Exercise requirements:
In the material below, begin at the line that has "The next word", stop after the line that has "Common reporting methods", and transcribe those lines exactly, without pictures.

Records:
------------------------------------------------------------------------

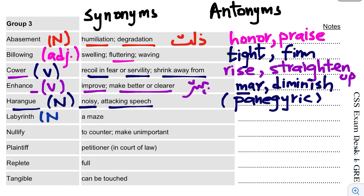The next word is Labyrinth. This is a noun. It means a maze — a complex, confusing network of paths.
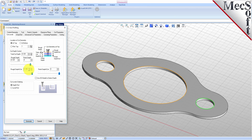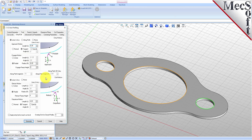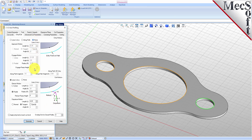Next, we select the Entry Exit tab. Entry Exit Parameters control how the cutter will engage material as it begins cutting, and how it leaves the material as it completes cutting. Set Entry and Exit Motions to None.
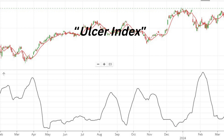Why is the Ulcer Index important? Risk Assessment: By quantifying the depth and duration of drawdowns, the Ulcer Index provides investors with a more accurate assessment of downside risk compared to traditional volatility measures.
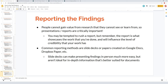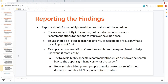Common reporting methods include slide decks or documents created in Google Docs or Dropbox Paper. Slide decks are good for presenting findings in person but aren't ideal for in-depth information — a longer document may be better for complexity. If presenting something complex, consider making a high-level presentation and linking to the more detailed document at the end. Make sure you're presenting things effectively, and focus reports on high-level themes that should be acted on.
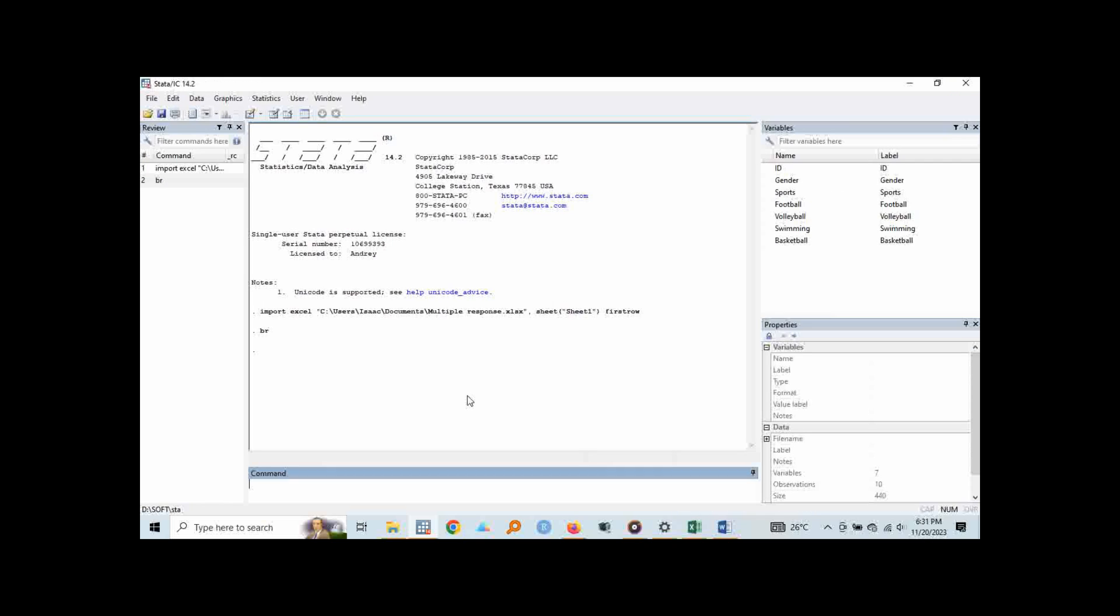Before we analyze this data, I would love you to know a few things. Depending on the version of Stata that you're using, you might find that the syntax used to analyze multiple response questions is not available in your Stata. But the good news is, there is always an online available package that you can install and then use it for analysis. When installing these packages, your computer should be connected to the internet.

------------------------------------------------------------------------

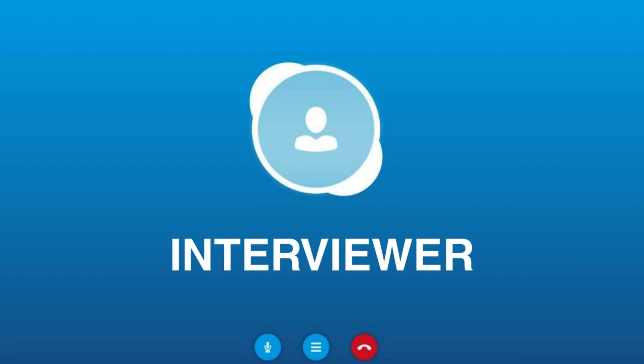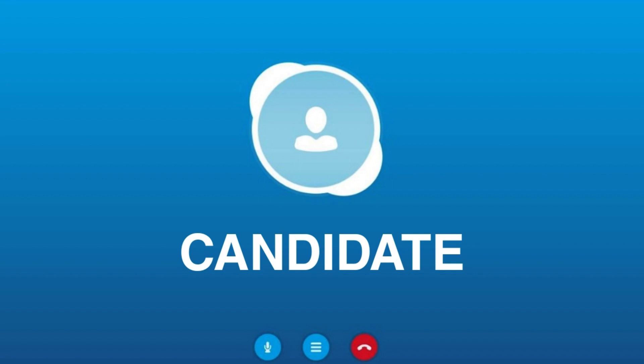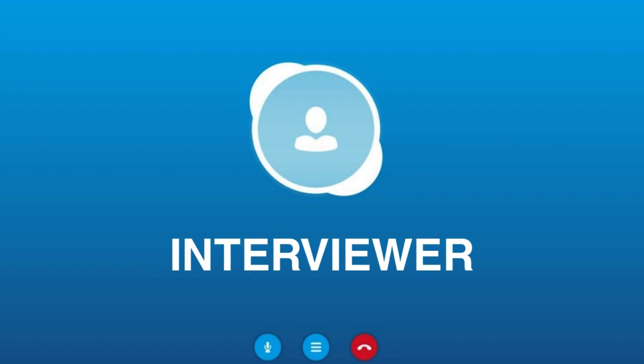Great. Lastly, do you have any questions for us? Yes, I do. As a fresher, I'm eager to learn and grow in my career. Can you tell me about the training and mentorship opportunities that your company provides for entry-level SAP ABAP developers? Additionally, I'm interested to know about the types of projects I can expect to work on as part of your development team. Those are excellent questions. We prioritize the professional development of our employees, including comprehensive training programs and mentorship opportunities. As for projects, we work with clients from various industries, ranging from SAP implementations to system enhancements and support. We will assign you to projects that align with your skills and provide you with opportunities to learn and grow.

------------------------------------------------------------------------

Task solution:
The next word is Labyrinth. This is a noun. It means a maze — a complex, confusing network of paths.
Next, we select the Entry Exit tab. Entry Exit Parameters control how the cutter will engage material as it begins cutting, and how it leaves the material as it completes cutting. Set Entry and Exit Motions to None.
Why is the Ulcer Index important? Risk Assessment: By quantifying the depth and duration of drawdowns, the Ulcer Index provides investors with a more accurate assessment of downside risk compared to traditional volatility measures.
Common reporting methods include slide decks or documents created in Google Docs or Dropbox Paper. Slide decks are good for presenting findings in person but aren't ideal for in-depth information — a longer document may be better for complexity. If presenting something complex, consider making a high-level presentation and linking to the more detailed document at the end. Make sure you're presenting things effectively, and focus reports on high-level themes that should be acted on.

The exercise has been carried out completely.